Too long a filename...

Thu Oct 5 19:33:38 EST 2006

Amit Chakradeo (अमित चक्रदेव) wrote:
> Hi,
> 
>    I am seeing some errors about filename too long. How do I deal with 
> this ?
> 
> Example feed: http://www.expressindia.com/syndications/ei.xml
> 
> (Those are only advertisements anyway, so I can just skip them, but can 
> I just change the spider.filename function to truncate the name if it is 
> too large ?)

I'm concerned that truncation would cause duplicates, and would prefer 
something like the following:

   === modified file 'planet/spider.py'
   --- planet/spider.py
   +++ planet/spider.py
   @@ -34,6 +34,16 @@
        filename = re_initial_cruft.sub("", filename)
        filename = re_final_cruft.sub("", filename)
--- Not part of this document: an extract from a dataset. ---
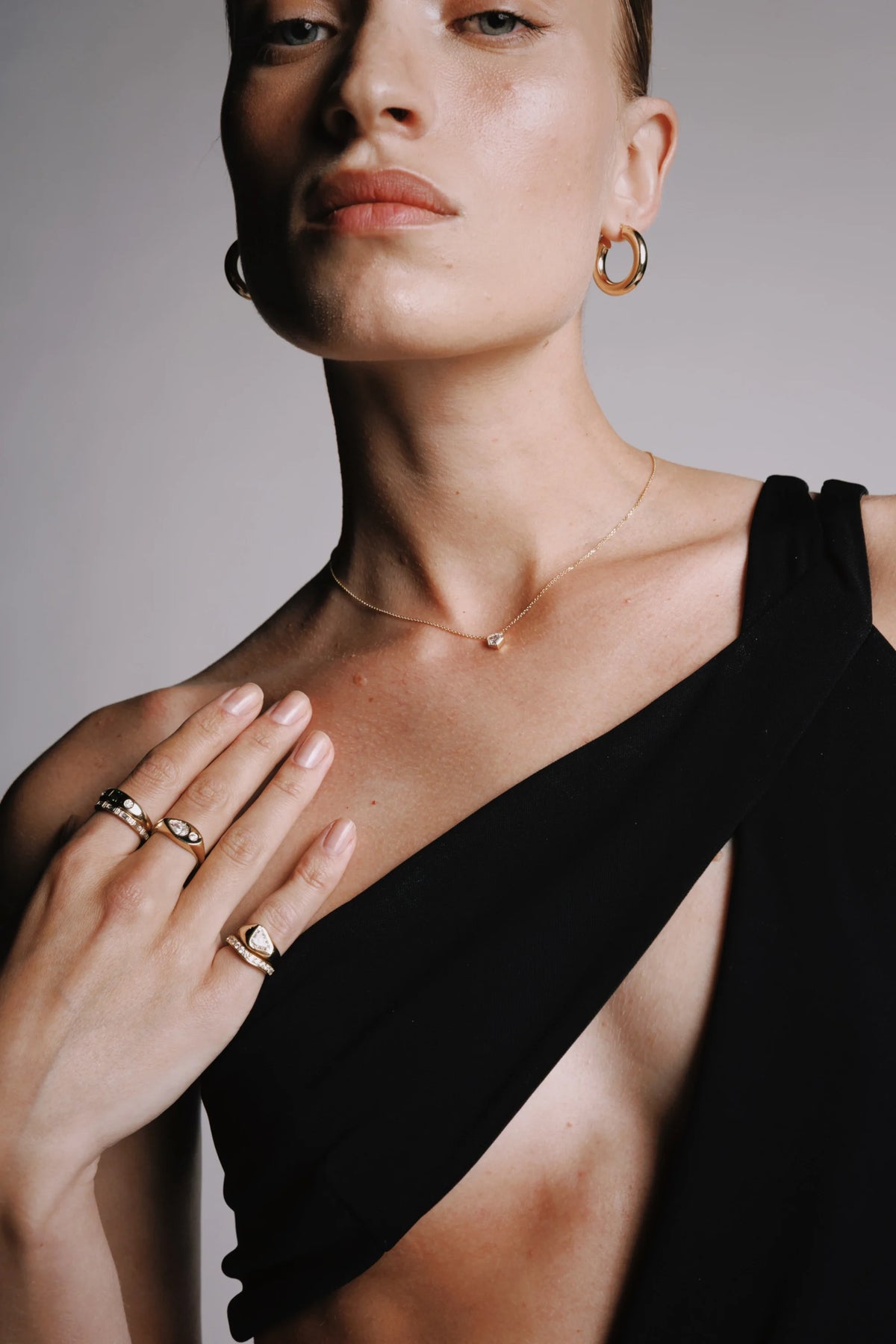 SHIELD NECKLACE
   +    # limit length of filename
   +    if len(filename)>250:
   +        parts=filename.split(',')
   +        for i in range(len(parts),0,-1):
   +            if len(','.join(parts[:i])) < 220:
   +                import md5
   +                filename = ','.join(parts[:i]) + ',' + \
   +                    md5.new(','.join(parts[i:])).hexdigest()
   +                break
   +
        return os.path.join(directory, filename)

    def write(xdoc, out):

> Is there a general way to skip something in a feed ? I looked at scrub 
> function which looks at ignore_in_feed config options, but that probably 
> is for skipping some field within a post ??? Maybe we can just add a 
> regexp for a particular feed in the config which when matched to an 
> entry will make the spider to skip that entry ?

That's exactly what filters are designed for.  Filters are arbitrary 
programs written in the programming language of your choice.  Each time 
they are invoked, they are passed a single entry which has been 
sanitized and normalized to UTF-8, XHTML, and Atom 1.0.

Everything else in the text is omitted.